What is Skin Cancer?

Skin cancer is a disease of the body’s skin cells, caused mainly by cumulative exposure to ultraviolet radiation from the sun. It is a group of diseases in which cells are aggressive (grow and divide without respect to normal cell limits), invasive (invade and destroy adjacent tissues), and sometimes metastatic (spread to other locations in the body).

Skin cancer usually begins in the outside layer of the skin, called the epidermis. The different skin cancers are named after the type of cell they start from in the epidermis: Basal cells (Basal Cell Carcinoma), Squamous cells (squamous cell carcinoma) and Melanocytes (Melanoma).

Melanoma

Melanoma is the most dangerous skin cancer. Melanomas make up only 5% of all skin cancers.

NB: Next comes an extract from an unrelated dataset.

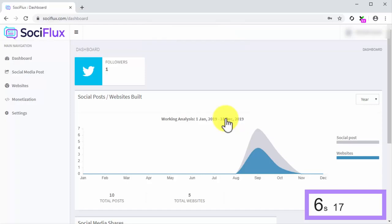Once you log in, you'll see the dashboard with an overview of your connected social media accounts. From here, you'll be able to use SociFlux to create and post instant social media posts and websites.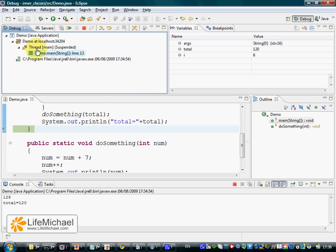Here you can see a representation for each one of the threads you have.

Queensland has the highest incidence of melanoma per head of population in the world. One in 16 men and one in 24 women in Queensland will develop a melanoma in their lifetime.

If left untreated, it can spread to other parts of the body and be fatal. Melanomas can be either flat or lumpy spots with or without dark pigmented color. It may develop in people with limited sun exposure and develop on regions of the skin not regularly exposed to the sun e.g., in between the toes.

Squamous cell carcinoma (SCC)

Squamous cell carcinoma (SCC) normally appears as a thickened red, scaly spot that may bleed easily or ulcerate. SCC makes up about 20% of all skin cancers. SCC usually grows slowly over months and can spread to other parts of the body if left untreated, especially in the head and neck areas.

Basal cell carcinoma (BCC)

Basal cell carcinoma (BCC) is the most common form of skin cancer, and is responsible for 75% of all skin cancers.  It appears as a pearly lump or area that is is red or pale in colour. It may become ulcerated, bleed and fail to heal.